805. Hija mía, al verdadero maestro de la virtud le conviene en­señar lo que obra y obrar lo que enseña (Mt 5, 19), porque el decir y el hacer son dos partes del magisterio, para que las palabras enseñen y el ejemplo mueva y acredite lo que se enseña, para que sea admitido y ejecutado; todo esto hizo mi Hijo santísimo, y yo a su imitación. Y porque no siempre había de estar Su Majestad ni yo tampoco en el mundo, quiso dejar los Sagrados Evangelios como trasunto de su vida, y también de la mía, para que los hijos de la luz, creyendo en ella y siguiéndola, ajustasen sus vidas con la de su Maestro, con la observancia de la doctrina evangélica que les dejaba; pues en ella quedaba practicada la doctrina que el mismo Señor me enseñó y me ordenó a mí para que le imitase; tanto como esto pesan los Sagra­dos Evangelios y tanto los debes estimar y tener en extremada vene­ración. Y te advierto que para mi Hijo santísimo y para mí es de grande gloria y complacencia ver que sus divinas palabras, y las que contienen su vida, son respetadas y estimadas dignamente de los hombres, y por el contrario reputa el Señor por grande injuria que sean los Evangelios y su doctrina olvidada de los hijos de la Iglesia, porque hay tantos en ella que no entienden, atienden, ni agradecen este beneficio, ni hacen de él más memoria que si fueran paganos o no tuvieran la luz de la fe.
806. Tu deuda es grande en esta parte, porque te ha dado cien­cia de la veneración y aprecio que yo hice de la doctrina evangélica y de lo que trabajé en ponerla por obra; y si en esto no has podido conocer todo lo que yo obraba y entendía —que no es posible a tu capacidad— por lo menos con ninguna nación he mostrado mi dignación más que contigo en este beneficio. Atiende, pues, con gran desvelo cómo has de corresponder a él y no malograr el amor que has concebido con las divinas Escrituras, y más con los Evangelios y su altísima doctrina. Ella ha de ser tu lucerna (Sal 118, 105) encendida en tu corazón, y mi vida tu ejemplar y dechado, que sirva para formar la tuya. Pondera cuánto vale y te importa hacerlo con toda dili­gencia y el gusto que recibirá mi Hijo y mi Señor y que de nuevo me daré yo por obligada para hacer contigo el oficio de madre y maestra.
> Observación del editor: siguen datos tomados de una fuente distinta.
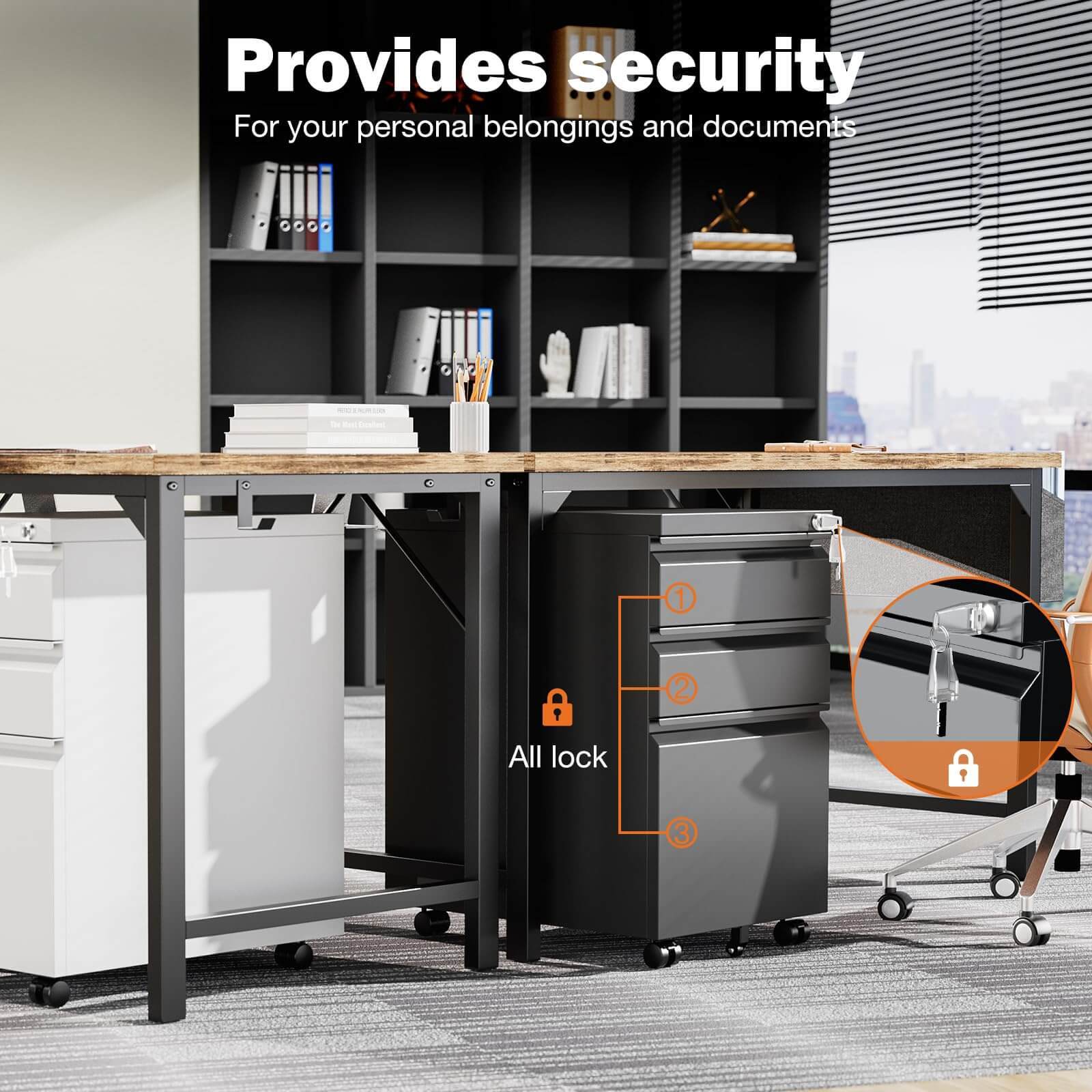 Sweetcrispy 3 Drawer Mobile Rolling File Cabinet With Lock  For Home Office--Bedroom,Bedroom Cabinet,Home Office,Home Office Cabinet,Office,Office Cabinet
Teme el peligro de no atender a los llamamientos divinos, que por este olvido se pierden innumerables almas, y siendo tan frecuentes y admirables los que tienes de la liberal misericordia del Todopoderoso y no correspondiendo a ellos sería tu grosería repren­sible y aborrecible al Señor, a mí y a sus santos.
CAPITULO 9
Declárase cómo conoció María santísima los artículos de fe que había de creer la Santa Iglesia y lo que hizo con este favor..
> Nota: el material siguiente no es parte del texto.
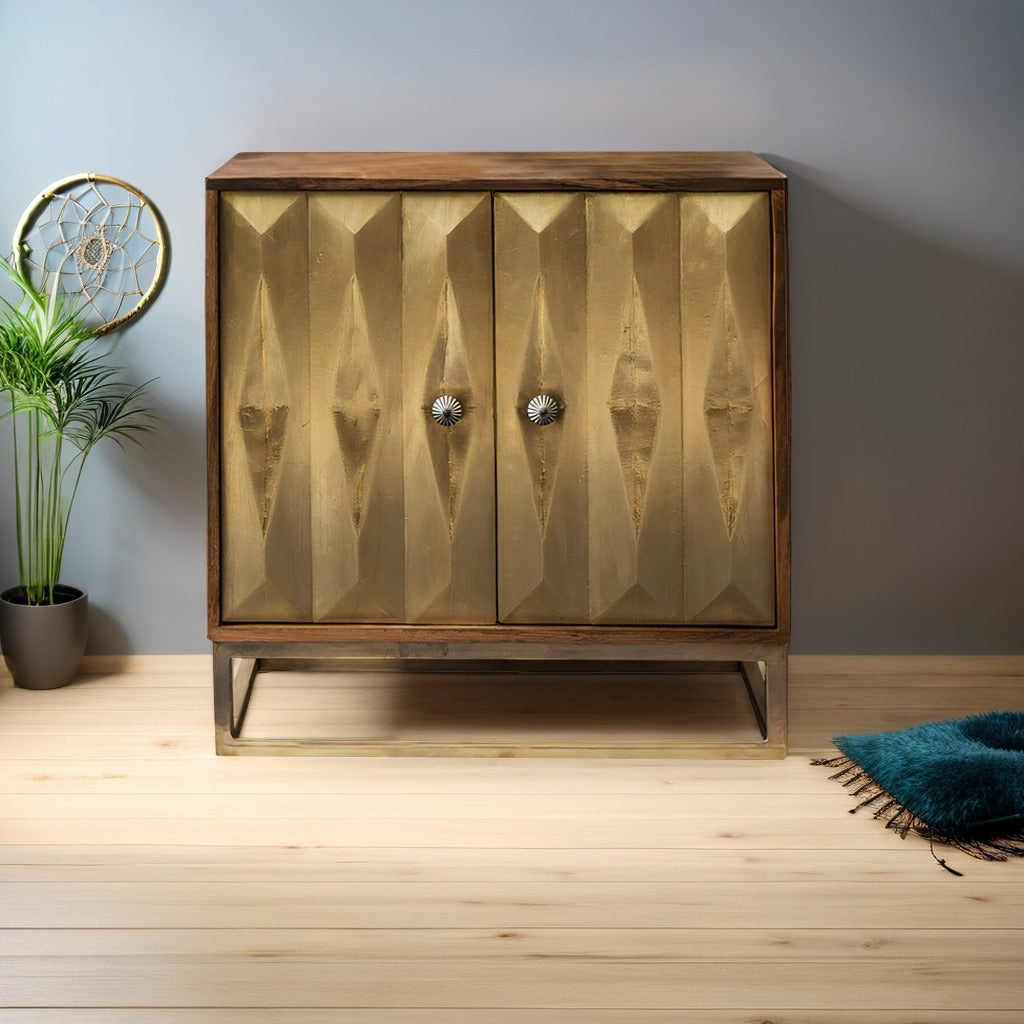 Handmade Wooden & Brass Cabinet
807. El fundamento inmutable de nuestra justificación y la raíz de toda la santidad es la fe de las verdades que reveló Dios a su Santa Iglesia; y así la fundó sobre esta firmeza, como arquitecto prudentísimo que edifica su casa sobre la piedra firme, para que los ímpetus furiosos de las avenidas y diluvios no la puedan mo­ver (Lc 6, 48). Esta es la estabilidad invencible de la Iglesia evangélica, que es sola una, católica, romana. Una, en la unidad de la fe, de la esperanza y caridad que en ella se fundan; una sin división ni con­tradicción, como las hay en todas las sinagogas de Satanás (Ap 2, 9), que son todas las falsas sectas, errores y herejías, tan tenebrosas y oscuras que no sólo se encuentran unas con otras y todas con la razón, pero cada una se encuentra consigo misma en sus errores, afirmando y creyendo cosas repugnantes y contrarias entre sí y que las unas derriban a las otras y prevalecen. Y contra todas queda siempre invicta nuestra santa fe, sin que las puertas del infierno prevalezcan ni una tilde contra ella (Mt 16, 18), aunque más ha pretendido y pretende embestirla para ventilarla y zarandearla como trigo, como a su vicario Pedro (Lc 22, 31), y en él a todos sus sucesores; así se lo dijo el Maestro de la vida.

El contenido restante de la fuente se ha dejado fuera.